One of the oddities of general relativity is that the faster you go, the slower time moves. That's not much of an issue for most day-to-day things, but time slows to a crawl as you approach the speed of light. Things with mass can't get to c; they get heavier as they get faster, becoming massive as they get close to c and can't quite get that fast.
Photons have no mass. Thus, they don't have that issue and can hit the universal speed limit. This Ethan Siegel Starts With a Bang post elaborates on what that implies
When you move at the speed of light, this means the following:
- You absolutely cannot have a mass; if you did, you’d carry an infinite amount of energy at the speed of light. You must be massless.
- You will not experience any of your travels through space. All the distances along your direction of motion will be contracted down to a single point.
- And you will not experience the passage of time; your entire journey will appear to you to be instantaneous.
This has some interesting theological analogies. One of Jesus' nicknames is the Light; one of the least PC passages of the Bible, is "I am the Way, the Truth and the Light; no one comes to the Father but through me."
Light doesn't experience time. God introduced Himself to Moses as I Am (Yahweh in Hebrew, which gets morphed to Jehovah), and Jesus implied His divinity with the phrase "Before Abraham was, I Am."

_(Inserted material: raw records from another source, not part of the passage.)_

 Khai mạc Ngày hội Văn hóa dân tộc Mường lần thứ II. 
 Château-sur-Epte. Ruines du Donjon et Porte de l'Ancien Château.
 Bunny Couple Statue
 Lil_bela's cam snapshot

A photon coming from 10,000 light years away could say that, it's older than written history (and chucks a young-earth timeline out the window, but bear with me) but has been in the now that whole time. Not to say that a photon is God, but the Light and mundane light is timeless.

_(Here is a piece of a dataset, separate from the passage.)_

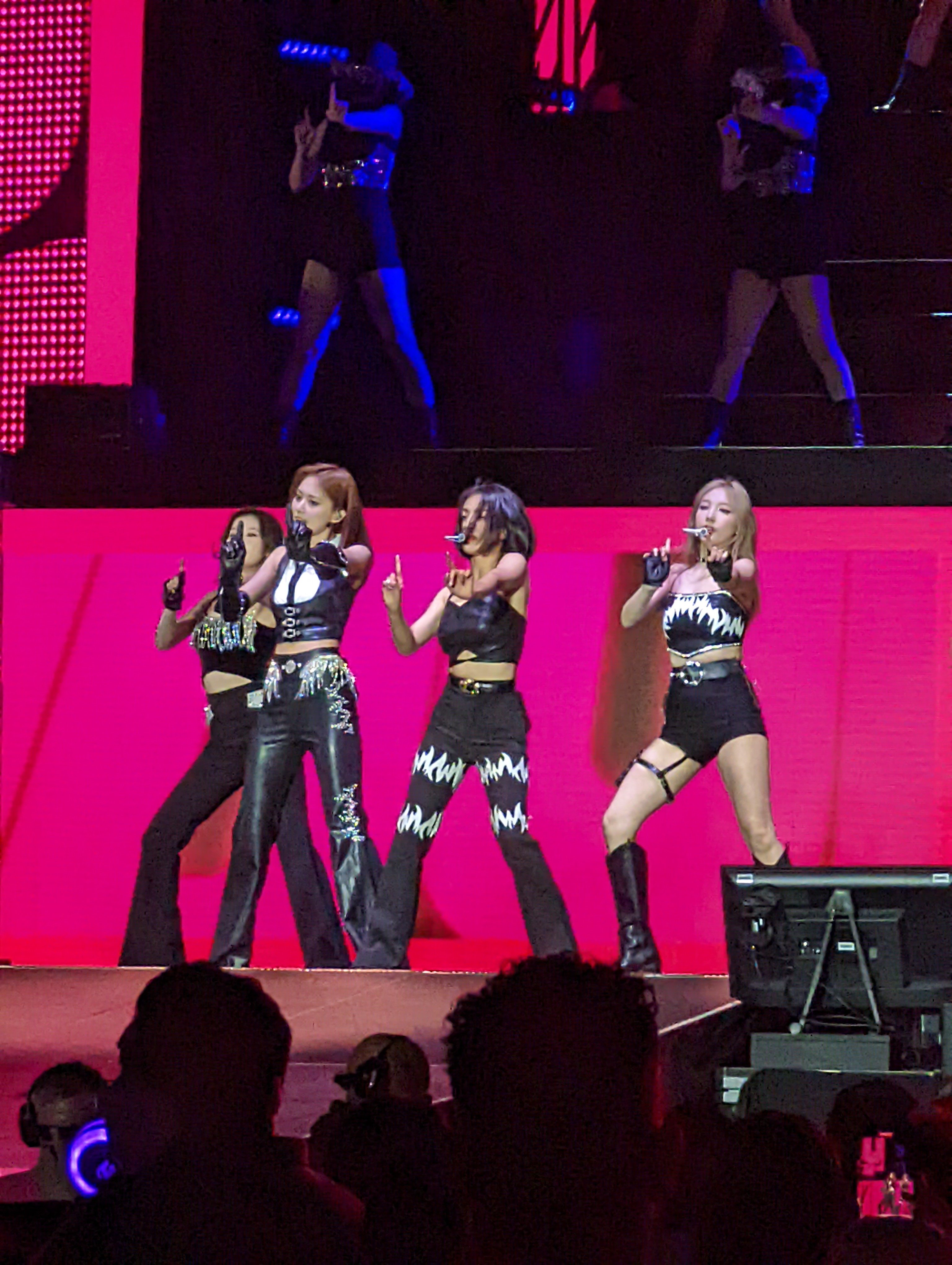 (More and More) Tzuyu-Twice-World-Tour-Encore-2022-05-15-Banc of california stadium.jpg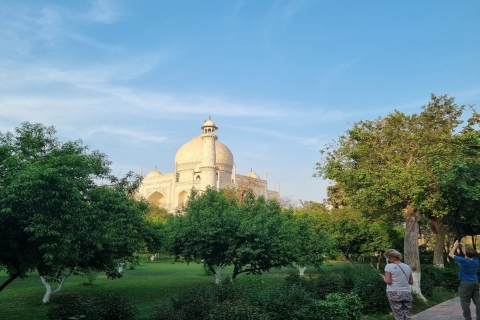 Visite guidée du Taj Mahal avec déjeuner dans un hôtel 5 étoilesVisite guidée avec voiture confortable et climatisée et guide local uniquement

Let me grab a passage that came just before the except above-
All our formulas to describe what it’s like for an observer gives us answers with infinities in them when it comes to asking what happens at the speed of light. But infinities don’t always mean physics is wrong; they often mean that physics does something unintuitive.

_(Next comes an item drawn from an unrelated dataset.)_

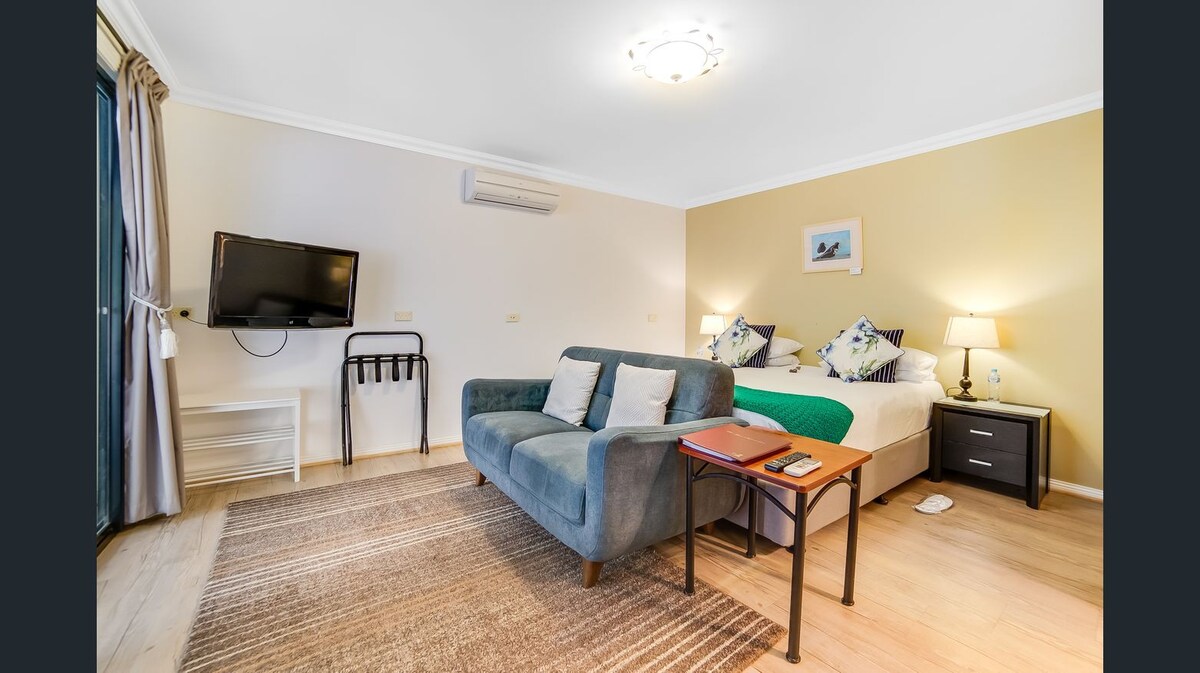Oyster Cove Chalet- Studio Apartment King/Twin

Theology is often equally unintuitive, as God works in a seemingly infinite scale from outside the cosmos. We also have paradoxical doctrine like the Trinity, where a single God has three persons but is still one or that Jesus was both human and divine in one package.
God's timelessness is one of those counter-intuitive concepts. However, science points to such a timelessness in the photon, the elemental unit of light, which is His nickname.